The LHC And The Largest Computing Grid Ever
The Large Hadron Collider will soon begin its second multi-year run. The discovery of Higgs and the discoveries it may yet make are certainly fascinating, yet few know of the amazing computer resources at the LHC’s disposal that were as integral as anything in making all this possible.
Like most people, you probably haven’t given much thought to what it took, from a computer perspective, to discover the Higgs Boson in 2012. Perhaps they used one super-duper computer to do all the heavy lifting. Maybe it was a bunch of these networked together. In actuality, it took the world’s largest distributed computer grid to pull it off. This is the Worldwide LHC Computing Grid (WLCG).
Even back in the 1990s, when the LHC was being designed and built, the engineers realized that the copious amounts of data produced would need computers far beyond the current capacity of CERN to manage and process. How much data? Well imagine protons traveling at 99.9999991% the speed of light circling the LHC, 27km underground tunnel 11,000 times per second. Wrapped around this tunnel, like cocoons, are the 4 primary experiment detectors (Atlas and CMS for example). This setup can produce an astounding 600 million collisions per second, each of which has to be vetted to determine which are ho-hum, been-there-seen-that and which could spawn the next revolution in physics.
As you probably suspect, the real interesting collisions are quite rare. The CERN computers sift through them and flag only about one in 10,000 which deserve to actually be stored in memory for a deeper look. Of these, only 1 in 100 actually merit even more serious attention. That means that only one in a million collisions are of any interest at all. The expression “Needle in a Haystack” comes to mind. I don’t know how many pieces of hay are in a haystack ( I actually tried to find out…and failed). 1 million pieces of hay may not make a gargantuan haystack but remember, new haystacks are being made every second of operation.
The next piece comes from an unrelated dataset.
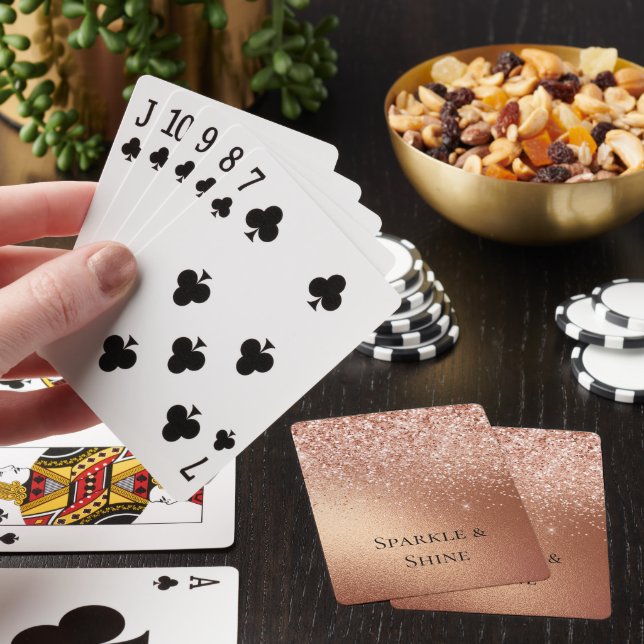 Rose Gold Glitter Playing Cards (In Situ)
The Worldwide LHC Computing Grid is a networked collaboration of global computer centers consisting of 174 facilities in 40 countries. CERN’s data is shuttled thru concentric rings of these datacenters, each conceptual ring is referred to as a Tier. In its entirety, the tiers include over a quarter million processor cores and over 400 petabytes of tape and disk storage. In its four years of operation, it has gathered and poured over an amazing 60 million gigabytes of data (60 petabytes).
CERN’s local computer network is called Tier 0 which consists of 73,000 processor cores and takes the raw data and feeds it into its datacenter. There, it aggregates the data and copies it to long-term tape storage. It then distributes the data to Tier 1.
Tier 1 consists of about 15 computer centers located in The US, UK, Italy, Spain etc. They server as critical backup facilities and analysis for CERN as well as data re-processing centers whenever required.
Each Tier 1 is connected to one or more of the 160 Tier 2 sites. These computer centers were originally slated for data analysis and simulations but they have begun to also handle some data re-processing. In addition, Tier 2 has also proved very valuable for handling unanticipated peak loads.
Finally, the grid also consists of Tier 3 nodes that can range from small computer clusters in Universities down to single PCs which are authorized for use by the grid regularly.
This grid can be accessed by any of the 10,000 scientists that are allowed to use it, night or day, 24/7/365.24 days a year. As a web engineer involved in the support of servers that need to be online all the time, I can appreciate the tremendous effort that is required to not only provide uninterrupted access to a huge community but to also accomplish that during the inevitable software and hardware problems and upgrades that need to happen.
My description of the WLCG thus far have been for Run #1 of the LHC which ended in 2012 with the announcement of the discovery of the Higgs Bosom. The scientists and engineers have not been goofing off since then (ok, maybe a few of them have). In preparation for Run #2 of the LHC (set to begin in the spring of 2015) the engineers have installed powerful new electromagnets designed to accelerate its twin proton beams to 13 trillion electron volts (TeV). This increase of 5 TeV will not only roughly double the collision energy, it will produce almost 3 times the number of collisions of Run #1.
To handle this vast increase in data production, the following major projects have been implemented:
- An increase of CPU and Data storage of 30%.
- An implementation of multi-core processing; processors with 2,4, or 8 CPUs in one package.
- A re-write of much of the computer code to handle multi-threaded instructions for the new processors to handle.
- The addition of a new network protocol (xrootd) to handle the transfer of huge datasets efficiently.
After tireless work the past few years, the Worldwide LHC Computing Grid is now ready to handle the extra demands that will be placed on it as the LHC makes a bold attempt to eclipse its historic Nobel-prize winning discovery in 2012. We could conceivably make ground-breaking discoveries about supersymmetry, magnetic monopoles, even new dimensions of existence.
I really hope we do, even if it makes most people forget about the wondrous computing grid that made it all possible.